Name	Type	Description
`classes_`	`np.ndarray of shape (n_classes,)`	The classes seen during `fit`.
`models_`	`dict[int, KernelDensity]`	The models for each class seen during `fit`.
`priors_logp_`	`dict`	The log priors for each class seen during `fit` (estimated as `np.log(len(x_subset) / len(X))`)

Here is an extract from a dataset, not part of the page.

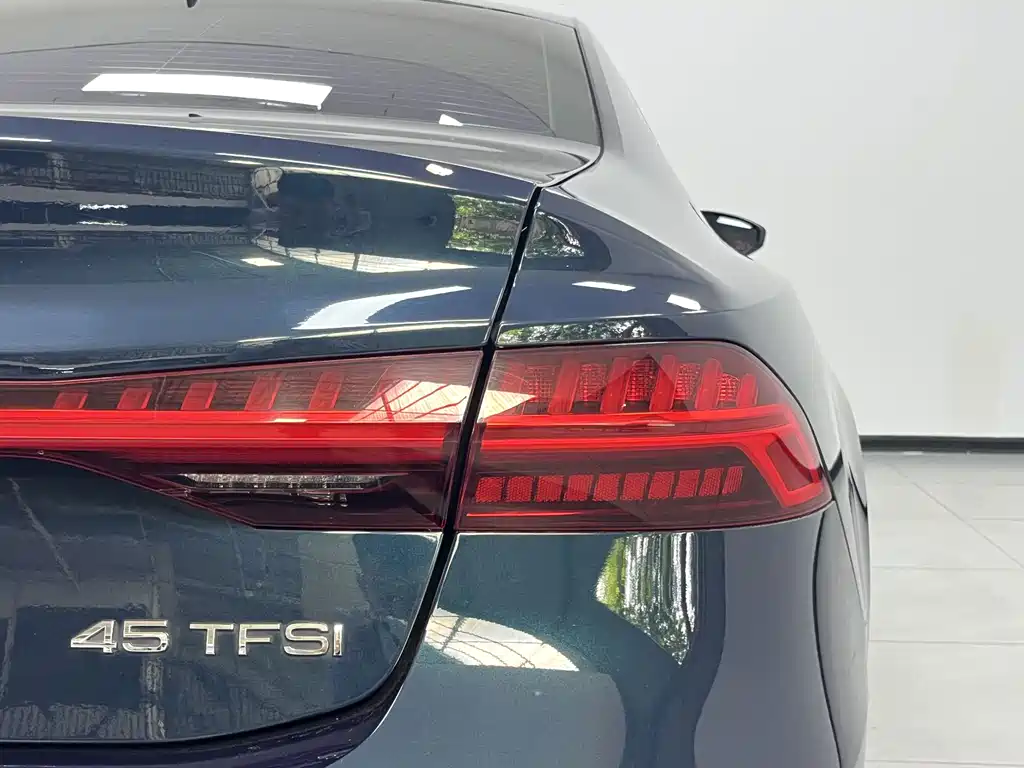Audi A7L — фото 8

Source code in sklego/neighbors.py

class BayesianKernelDensityClassifier(ClassifierMixin, BaseEstimator):
    """The `BayesianKernelDensityClassifier` estimator trains using Kernel Density estimations to generate the joint
    distribution.

    You can pass any keyword parameter that scikit-learn's
    [KernelDensity](https://scikit-learn.org/stable/modules/generated/sklearn.neighbors.KernelDensity.html)
    model uses and it will be passed along.

    Attributes
    ----------
    classes_ : np.ndarray of shape (n_classes,)
        The classes seen during `fit`.
    models_ : dict[int, KernelDensity]
        The models for each class seen during `fit`.
    priors_logp_ : dict
        The log priors for each class seen during `fit` (estimated as `np.log(len(x_subset) / len(X))`)
    """

    def __init__(
        self,
        bandwidth=0.2,
        kernel="gaussian",
        algorithm="auto",
        metric="euclidean",
        atol=0,
        rtol=0,
        breath_first=True,
        leaf_size=40,
        metric_params=None,
    ):
        self.bandwidth = bandwidth
        self.kernel = kernel
        self.algorithm = algorithm
        self.metric = metric
        self.atol = atol
        self.rtol = rtol
        self.breath_first = breath_first
        self.leaf_size = leaf_size
        self.metric_params = metric_params

    def fit(self, X: np.ndarray, y: np.ndarray):
        """Fit the `BayesianKernelDensityClassifier` estimator using `X` and `y` as training data by fitting a
        `KernelDensity` model for each class on the subset of X where y == class.

        Parameters
        ----------
        X : array-like of shape (n_samples, n_features)
            The training data.
        y : array-like of shape (n_samples,)
            The target values.

        Returns
        -------
        self : BayesianKernelDensityClassifier
            The fitted estimator.
        """
        X, y = validate_data(self, X=X, y=y, dtype=FLOAT_DTYPES, reset=True)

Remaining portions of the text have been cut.